##### ENTRIES SUPPLIED #####
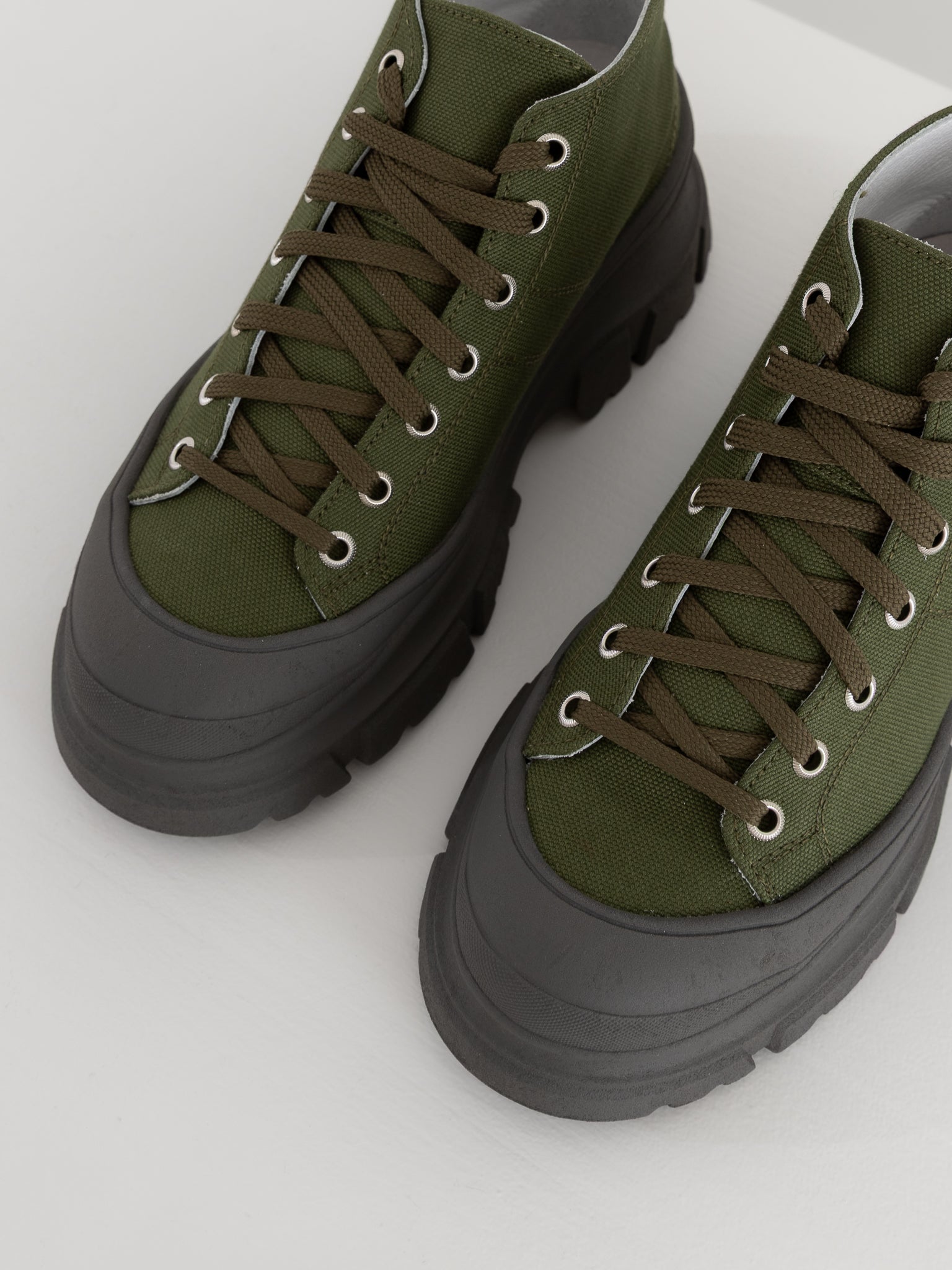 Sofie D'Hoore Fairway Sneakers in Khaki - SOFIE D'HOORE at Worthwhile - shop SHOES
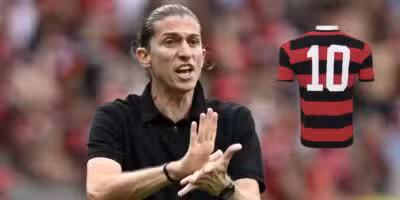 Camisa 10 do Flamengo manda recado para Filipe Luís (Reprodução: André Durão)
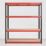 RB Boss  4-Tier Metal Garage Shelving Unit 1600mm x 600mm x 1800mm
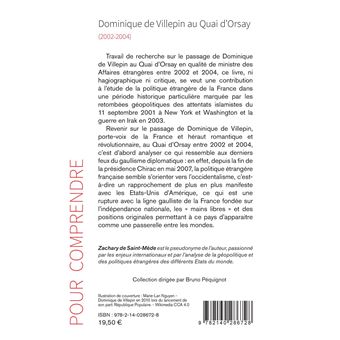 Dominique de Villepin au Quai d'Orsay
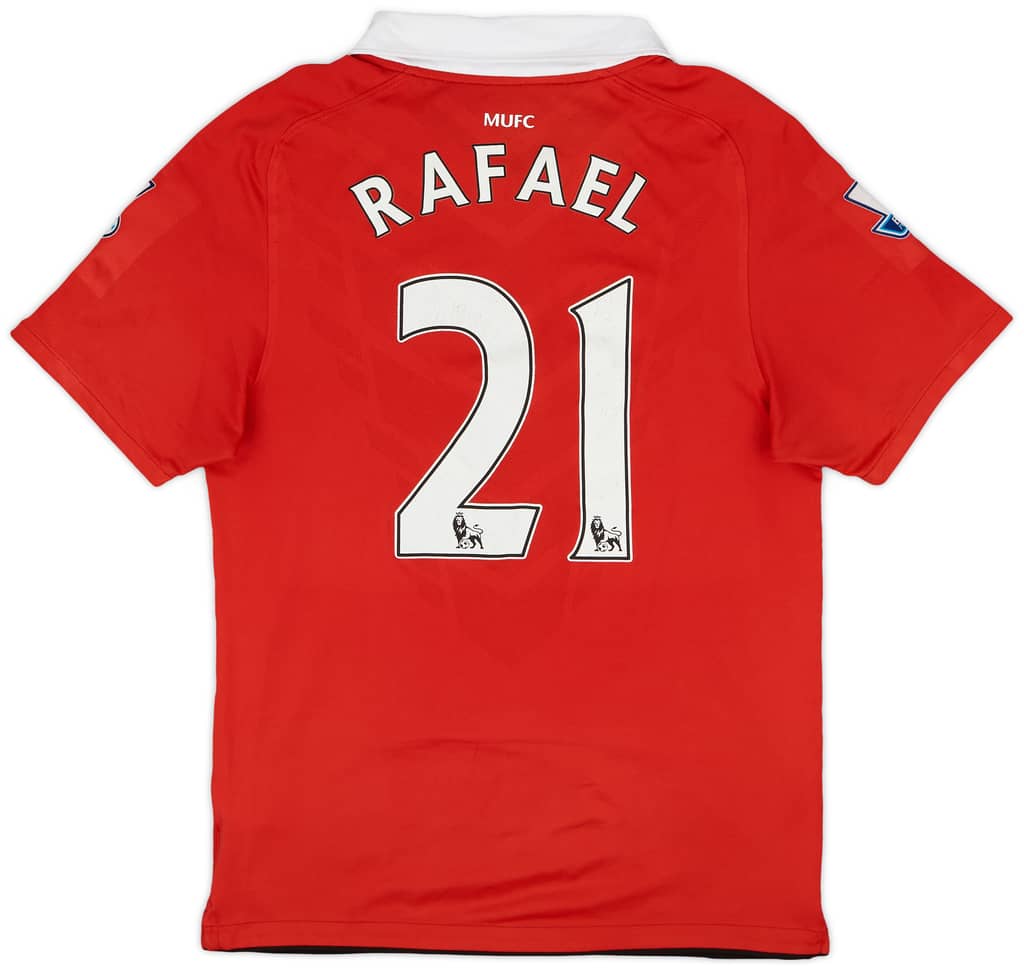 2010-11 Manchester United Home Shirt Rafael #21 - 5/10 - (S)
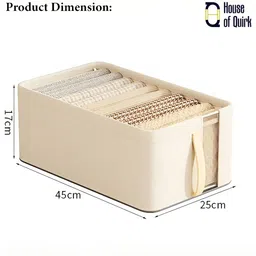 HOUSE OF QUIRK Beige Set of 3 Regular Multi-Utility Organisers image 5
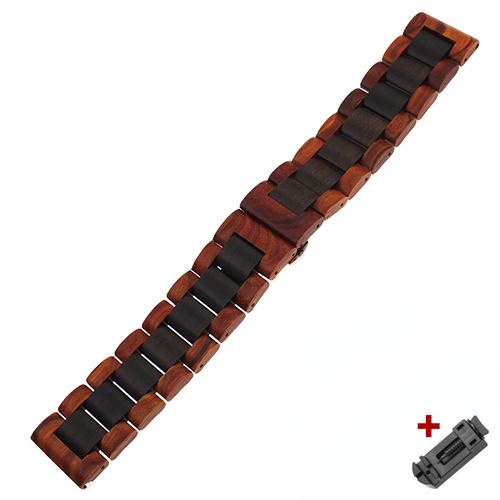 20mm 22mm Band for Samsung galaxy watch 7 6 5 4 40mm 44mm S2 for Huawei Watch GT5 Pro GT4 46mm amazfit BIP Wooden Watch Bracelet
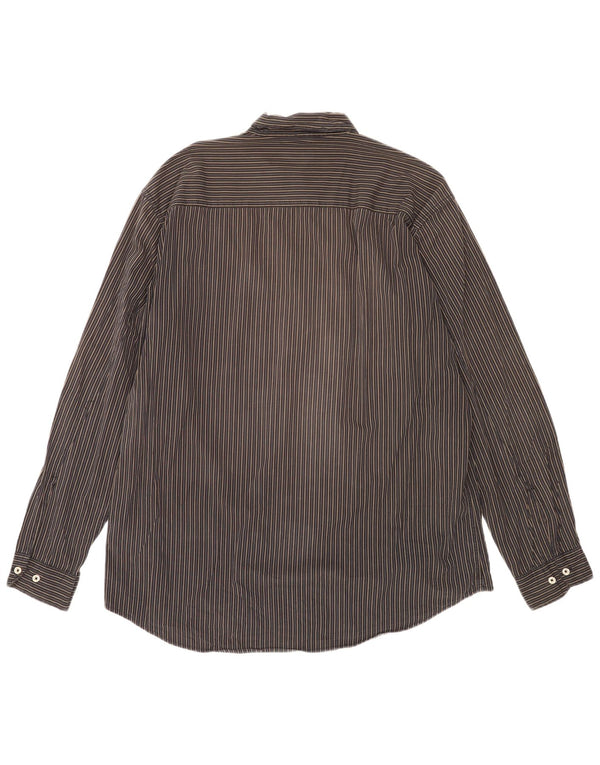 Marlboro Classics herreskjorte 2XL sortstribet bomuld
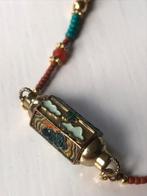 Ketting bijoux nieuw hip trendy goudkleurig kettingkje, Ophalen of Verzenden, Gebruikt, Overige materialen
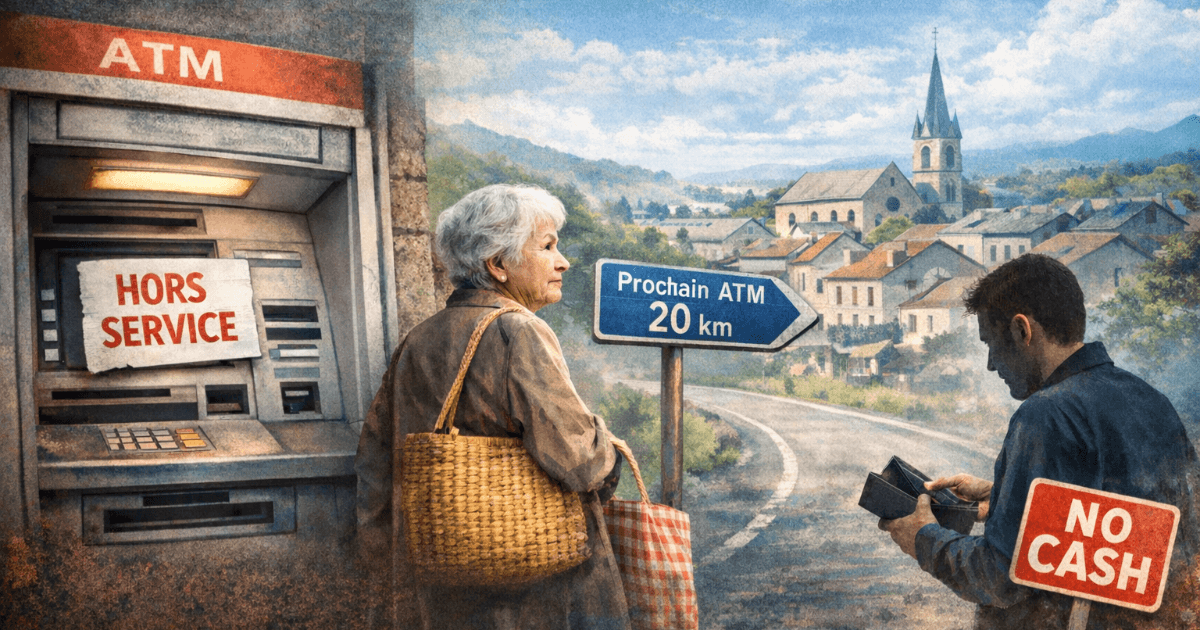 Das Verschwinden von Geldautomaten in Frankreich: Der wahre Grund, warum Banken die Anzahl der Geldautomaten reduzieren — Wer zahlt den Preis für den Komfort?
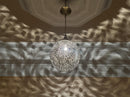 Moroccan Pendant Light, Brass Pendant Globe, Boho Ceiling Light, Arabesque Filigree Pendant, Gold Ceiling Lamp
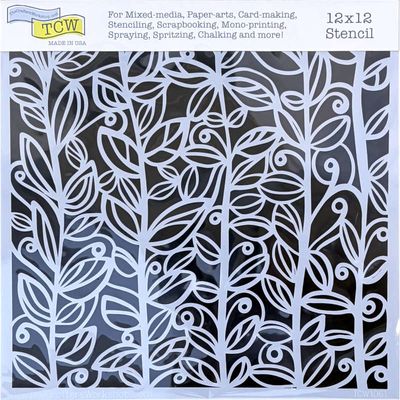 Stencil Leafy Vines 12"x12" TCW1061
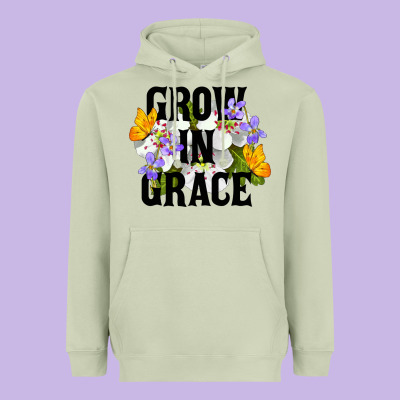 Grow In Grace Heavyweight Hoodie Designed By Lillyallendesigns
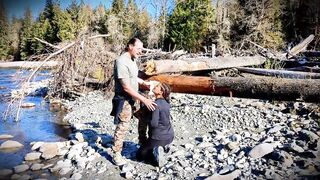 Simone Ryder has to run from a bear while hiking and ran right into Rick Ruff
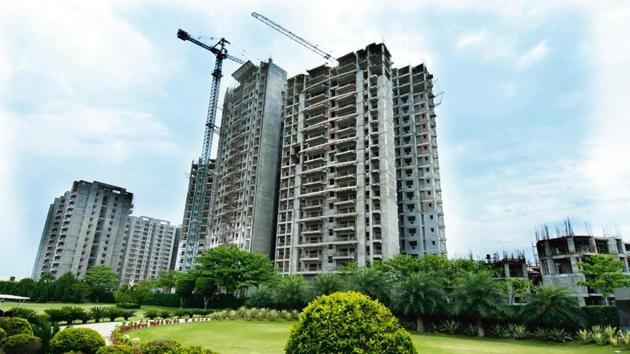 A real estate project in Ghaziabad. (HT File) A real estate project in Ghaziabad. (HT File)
#####
Transcribe the entries above exactly, from their first line through the line with "Marlboro Classics herreskjorte", and omit all pictures.

> THE ANSWER
 Sofie D'Hoore Fairway Sneakers in Khaki - SOFIE D'HOORE at Worthwhile - shop SHOES
 Camisa 10 do Flamengo manda recado para Filipe Luís (Reprodução: André Durão)
 RB Boss  4-Tier Metal Garage Shelving Unit 1600mm x 600mm x 1800mm
 Dominique de Villepin au Quai d'Orsay
 2010-11 Manchester United Home Shirt Rafael #21 - 5/10 - (S)
 HOUSE OF QUIRK Beige Set of 3 Regular Multi-Utility Organisers image 5
 20mm 22mm Band for Samsung galaxy watch 7 6 5 4 40mm 44mm S2 for Huawei Watch GT5 Pro GT4 46mm amazfit BIP Wooden Watch Bracelet
 Marlboro Classics herreskjorte 2XL sortstribet bomuld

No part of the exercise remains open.